The User Evolution: Building SaaS for the "System of Progress"

In the traditional software world, product success is often measured by adoption rates, daily active users (DAU), and feature engagement. However, Advanced Jobs-to-be-Done...

A
Written by Albert
Read Time 4 minute read
Posted on February 28, 2026
The User Evolution: Building SaaS for the "System of Progress"

In the traditional software world, product success is often measured by adoption rates, daily active users (DAU), and feature engagement. However, Advanced Jobs-to-be-Done (JTBD) research suggests that these are trailing indicators of a much deeper reality: people don’t buy products; they “hire” them to evolve. As Kathy Sierra famously noted, the goal should not be to build a better camera, but to build a better photographer. For SaaS founders, this means shifting focus from the software interface to the System of Progress—the continuous journey of a user becoming a more capable version of themselves.

The SaaS Transformation: From “Tool” to “New Me”

A Job-to-be-Done is not a task; it is the transformation process a consumer participates in to evolve from their current life situation into a preferred one, overcoming the constraints that currently stop them. Innovation fails 70% to 95% of the time because teams fall in love with the “drill” (the feature) instead of the “hole” (the outcome), or more accurately, the “installed bookshelf” (the progress).

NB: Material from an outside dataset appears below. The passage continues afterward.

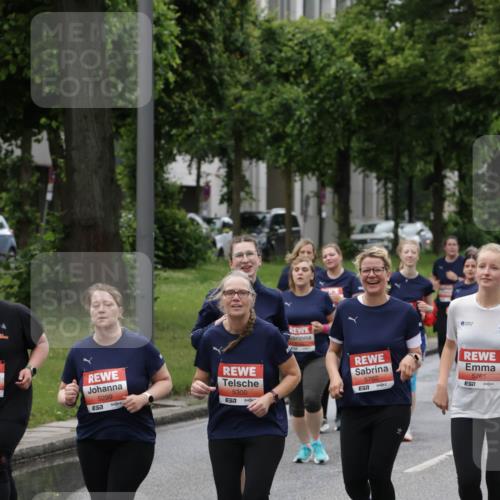 14.06.2026 - REWE Women's Run Jannik Wohlers http://msf.ph/oto/9814979 14.06.2026 10:42:37 Laufen 5299, 51, 5300, 57, 5762, 7, 5761, 7 meine-sportfotos.de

In a successful SaaS ecosystem, the product acts as a prop for performance. When a user hires your software, they are betting that it will help them reach a “new me” that can do things they couldn’t do before. If your research stops at functional tasks, you achieve only functional loyalty; if you design for the user’s Role Identity—who they aspire to be—you unlock devotion.

Solving the B2B Paradox: Designing for Multiple Performers

One of the most complex challenges for B2B SaaS is that the “customer” is rarely a single person. Advanced JTBD research categorizes the ecosystem into three distinct types of performers, each with a different set of needs:

  1. The Core Job Executor: The individual who actually uses the software to get the functional job done (e.g., a developer using a task manager). Their needs are defined by functional metrics like speed, predictability, and output.
  2. The Purchase Decision Maker (The Buyer): Often a manager or procurement officer who evaluates the software based on financial outcomes. They want to know if the tool will “reduce operational costs” or “increase overall revenue”.
  3. The Product Lifecycle Support Team: The IT professionals or installers who ensure the software is integrated, maintained, and secure.

Failure occurs when a SaaS project optimizes for the Buyer’s financial goals but ignores the Executor’s functional struggles, or vice-versa. Your research must capture the 50 to 150 Desired Outcomes across these different roles to ensure the product is hired by the whole organization.

Onboarding into the Job, Not the Tool

A common SaaS pitfall is an onboarding process that focuses exclusively on “Solution Expertise”—teaching the user where the buttons are. Advanced JTBD argues that users should be onboarded into the Job.

If a user is highly skilled at their job but new to your tool, they need a fast path to execution. If they are new to the job itself (low Job Comprehension), they need the software to provide “scaffolding” and best practices. Successful onboarding demonstrates how the product helps the user achieve their first win in their personal “System of Progress”.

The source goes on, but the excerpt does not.